A four-day gap in the whereabouts of a man’s underage daughter is enough to dispute whether she was removed from Canada 15 years ago, a lawyer argued at the B.C. trial of a fundamentalist Mormon who is accused of taking an underage girl across the border for sexual purposes.
James Marion Oler, 54, a member of the Fundamentalist Church of Jesus Christ of Latter-day Saints in Bountiful, B.C., is charged with removing his 15-year-old daughter from Canada to Nevada in June 2004 to marry another member of the church, which practices polygamy.
Oler, who represented himself, did not call any witnesses or mount a legal defence during his trial. Lawyer Joe Doyle served as a friend of the court to ensure a fair trial.
Oler’s daughter, whose name is protected by a publication ban, was seen in Bountiful on June 20, 2004, and then witnessed four days later in Northern Idaho. Doyle argued that the prosecution did not prove that she was in Canada when Oler received a call on June 23, ordering him to bring his daughter to be married.
The religious documents submitted as evidence by Crown prosecutors included marriage and priesthood records. According to those records, Oler’s daughter was married on June 25, 2004, in Nevada to Warren Jeffs, the church prophet. Jeffs is now serving a life sentence in a Texas prison for two counts of child sexual assault.

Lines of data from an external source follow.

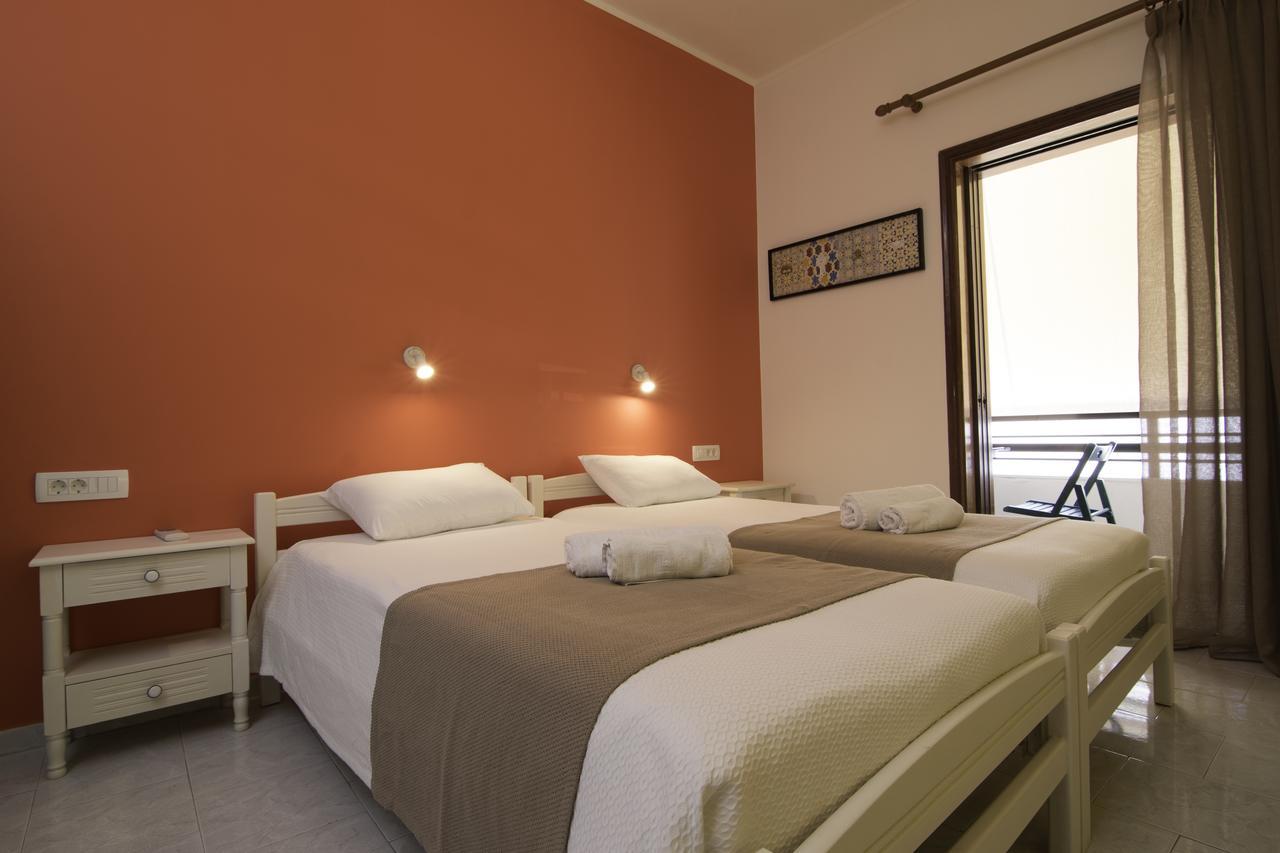 Niki Rooms Paleochora Exterior foto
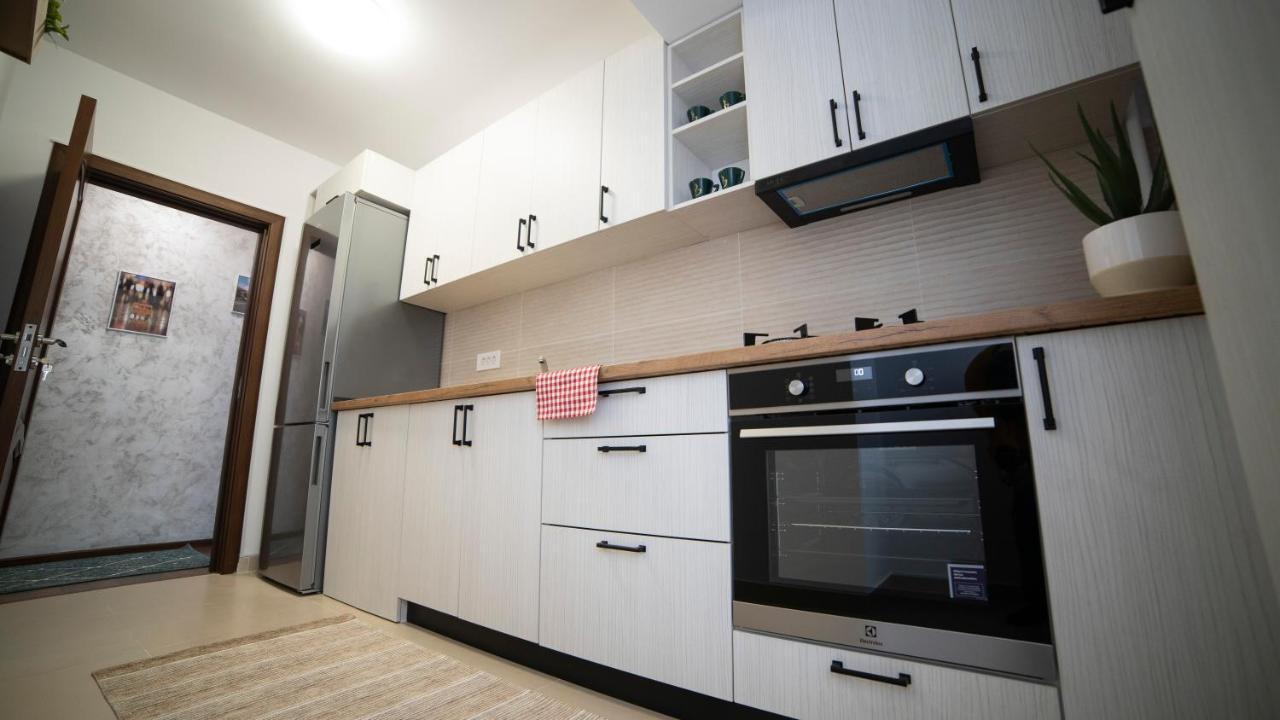 Ballade Apartment Iasi Buitenkant foto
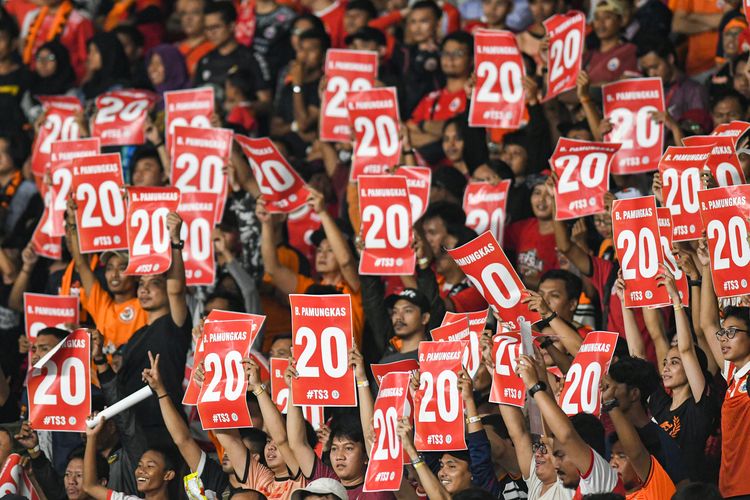 Suporter Persija Jakarta membentangkan poster bertuliskan nomor punggung Bambang Pamungkas saat melawan Persebaya Surabaya dalam lanjutan Liga-1 Indonesia di Stadion Utama Gelora Bung Karno (GBK), Jakarta, Selasa (17/12/2019). Pertandingan tersebut merupakan terakhir kalinya Bambang Pamungkas bermain dengan hasil akhir Persija Jakarta dikalahkan Persebaya Surabaya dengan skor 1-2. ANTARA FOTO/M Risyal Hidayat/aww.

Doyle called into question the credibility of church records seized by U.S. law enforcement a decade ago, saying some were incomplete or inaccurate, the Cransbrook Townsman reports. He also questioned the validity of priesthood records— instructions, teaching, and activities dictated by Jeffs into a handheld voice recorder, a practice confirmed by witness testimony.
One of those audio recordings included Jeffs describing a phone call with Oler, where he ordered Oler’s daughter to be brought to the United States to be married.
A witness, whose identity is protected by a publication ban, testified that she and Oler’s daughter were married in separate ceremonies in Mesquite, Nevada, on June 25, 2004, after traveling together from the U.S. border the day before, according to the Cransbrook Townsman.
The witness said she drove with her parents across the border into Idaho, then soon pulled over. They then switched vans, which contained Oler and his daughter.
The Crown wrapped up its case Monday, with Special Prosecutor Peter Wilson arguing that the Crown doesn’t have to prove that sexual activity took place between the girl and the man she married.
“The Crown only has to prove that at some point during the unfolding of the events, that the accused intended or subjectively foresaw that (the girl) would be subject to sexual contact,” Wilson told a B.C. Supreme Court judge in Cranbrook.
He said Oler should have known that the girl would be subject to sexual activity following her marriage based on the nature of church doctrine and the role of women in the faith.
Jeff’s daughter, Rachel Jeffs, testified that women were taught to obey men, especially one’s father or husband, the Cransbrook Townsman reports. She said she was placed in an arranged marriage when she was 18.
“I knew I didn’t really have a choice,” she said. “They told me I had a choice, but I knew that if I said no, then they would kick me out of the church or … I wouldn’t have any blessings. And I was told that if I didn’t obey I would lose my place in Heaven.”
This is the second time Oler has been on trial for the charges.
He was originally acquitted in 2017 by a judge who wasn’t convinced Oler did anything within Canada’s borders to arrange the girl’s transfer to the United States. However, in a unanimous decision, the B.C. Court of Appeal ruled that proof of wrongdoing in Canada was not necessitated by the law and ordered a new trial.
In a separate case, Oler was found guilty of practising polygamy by the B.C. Supreme Court on July 24, 2017.
The judge has reserved her decision and tentatively scheduled a ruling in Cranbrook Supreme Court for June 24.